03.Superalignment Timetable
**Daniel Filan: OpenAI's goal is to solve the core technical challenges of Superalignment alignment within a 4-year period. What are the core technical challenges here? **
**Jan Leike: **This refers to how to make Superalignment consistent with human values. What we envision with Superalignment is a system that is much smarter than humans, can perform potentially much faster, and can work with many copies of itself, so it's a really powerful system.
We hope to achieve this within four years. The reason why I chose four years is that one is really ambitious, and the other is to make people believe that we can actually achieve this goal. At the same time, even if AI progresses very fast and the technology improves a lot in the next few years, we can still have something to do under this ambitious goal.
**A near-human-level automatic aligner is an instrumental goal we are pursuing, with the ultimate goal of figuring out how to align superintelligent agents, because we don't yet know how to do that. **
**Daniel Filan: To what extent do you think it can be achieved in 2 years? **
**Jan Leike:**If we push back from four years, I think generally we will be able to basically complete automatic alignment research in about three years, provided that some basic capabilities are already in place. If not, our project may take longer.
If it is within two years, we hope to have good control over this goal. Including what technologies are actually used, do we have such a combination of technologies, and whether we will have the confidence to have a trustworthy system that can not only be used frequently, but also be able to delegate a lot of work to it. At this point we'll want to break the problem down enough that it feels like the overwhelming workload right now is just engineering, in the sense that we're probably still two years away from solving the research problems associated with it .
Now that we have a timeline for a four-year goal, it is clear that advancements in AI capabilities are tied to that deadline. If progress slows down, we may not have a model that is really useful for alignment research tasks. But if in four years we find that the model is still not good enough, that also means we have more time to actually solve the problem because the problem is not as urgent.

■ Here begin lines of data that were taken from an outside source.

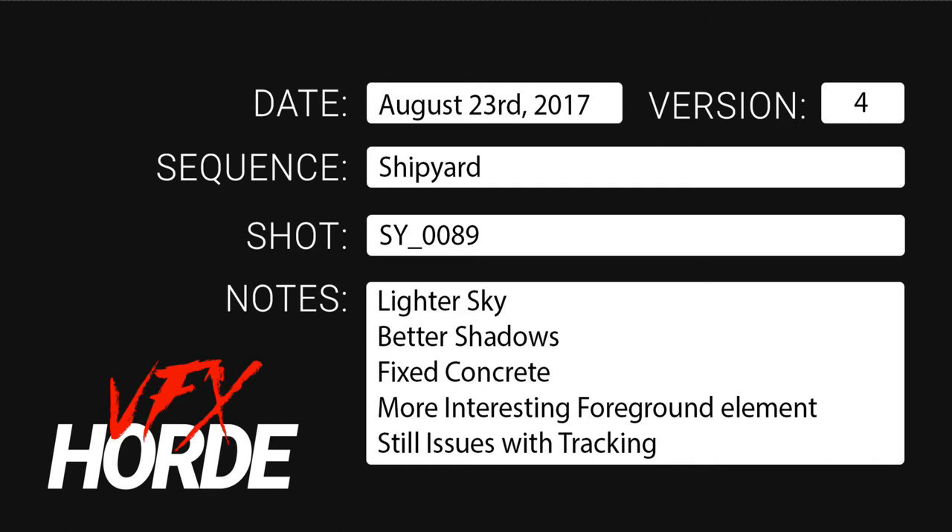Hey, this is Garrett Frye from the VFX Horde, and I am taking a look at Emma's work. I'm going to take Emma's work here and break it down, and I'm actually going to work a little bit on her DMP here just to kind of show some, like realizing some of the notes that I'm talking about. This isn't something that normally would happen in a daily session, but I just want to show you how to identify and how to fix some of these issues.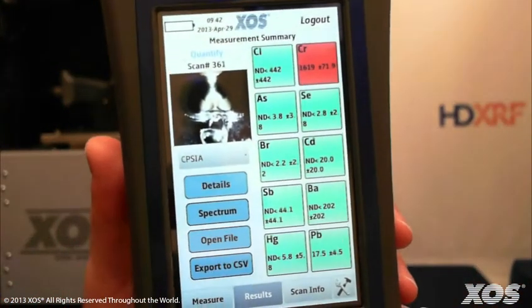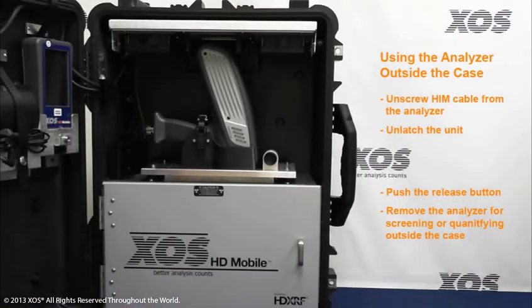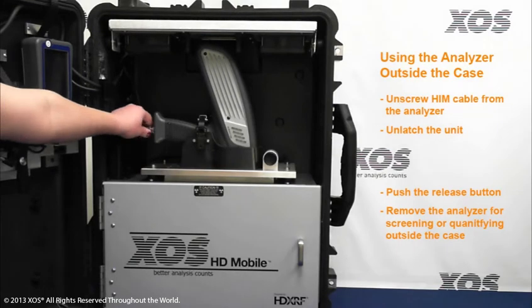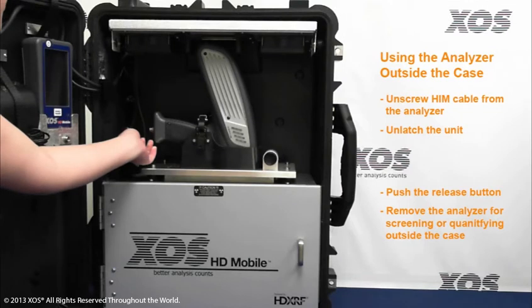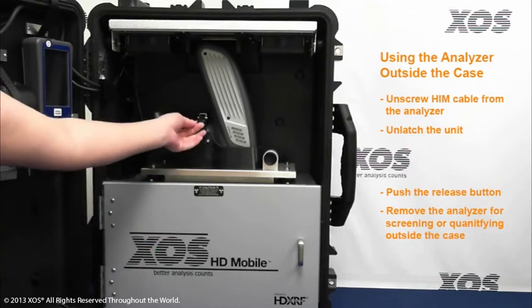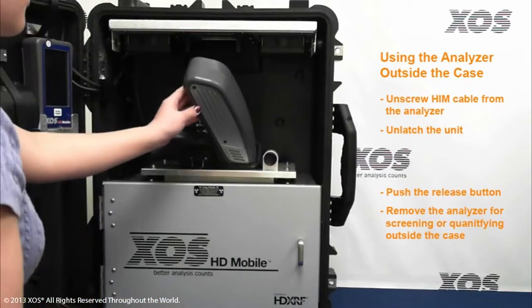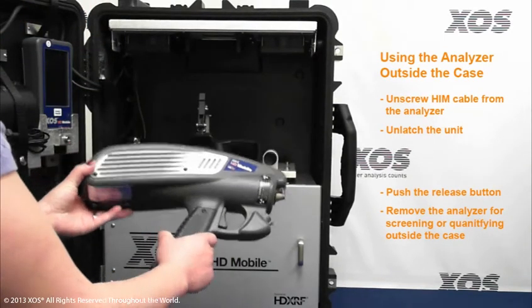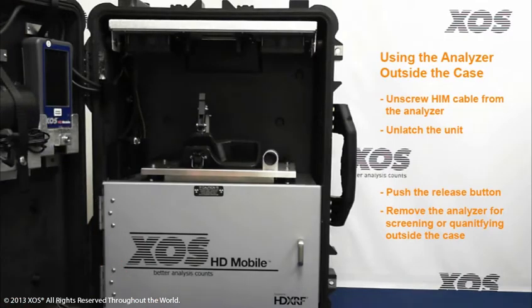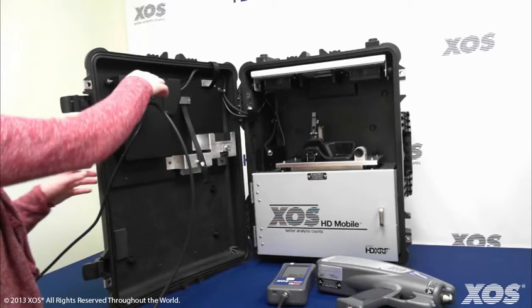It's also easy to remove the HD Mobile Analyzer from the transporter case and use it in handheld mode. Simply unscrew the cable from the base of the gun, then unlatch the unit and push the release button. The gun will fall forward and can be removed from the case. Next, unscrew the cable connecting the human interface module, or HIM, to the transporter case and reconnect it to the base of the gun.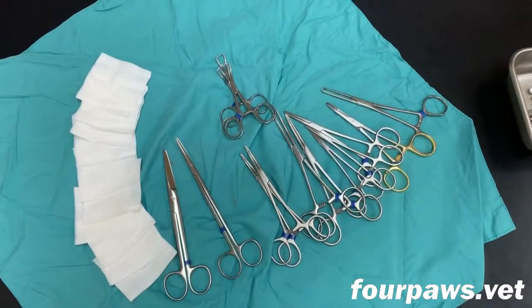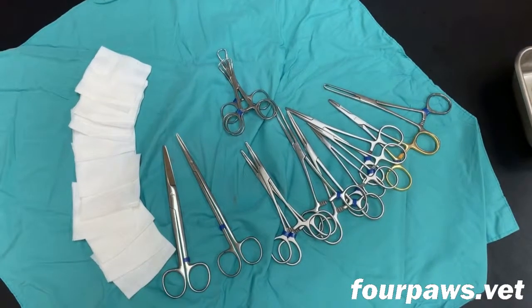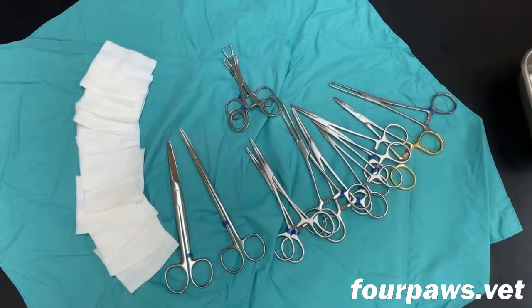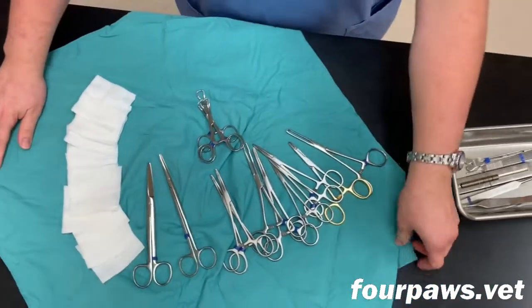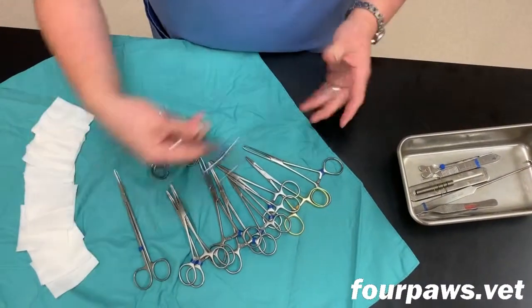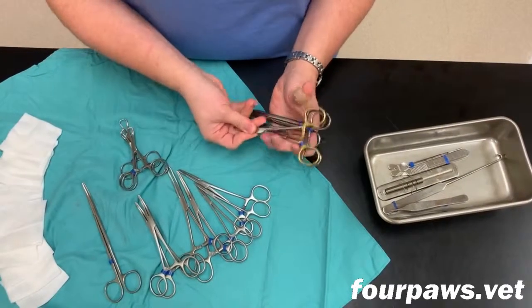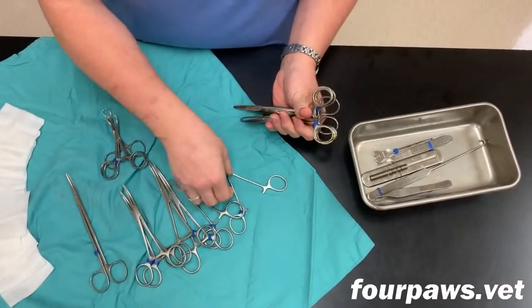Depending on the type of surgical pack that we're preparing, there are a different set of instruments that should be included in each pack. For example, a spay pack is going to have a different set of instruments than a neuter pack. If you look closely, you can also see that there is a small colored band on each surgical instrument in order to help us make sure that the correct instrument goes into the correct color-coded pack.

On the other hand, artificial intelligence may advance faster, and humans may welcome the arrival of superintelligence faster. At that point, we have to adjust our plans accordingly. Therefore, we chose four years as a time frame that was both realistic and gave us enough urgency to solve problems quickly.
**Daniel Filan: Assuming that in terms of AI capability research, the progress is about the same as expected. Four years later, you guys have all the capabilities to be a good auto-alignment researcher, but interpretability is harder than we thought, or scalable supervision is harder than we thought, so you haven't achieved superalignment yet what to do ? **
Jan Leike: First of all we have to tell the public that we have not achieved the goal, but we will be responsible for this goal. What happens next after the target fails depends on the general state of the world at the time. Can we somehow buy ourselves more time, or is our general thinking wrong, should we switch directions, etc.? Many things can happen.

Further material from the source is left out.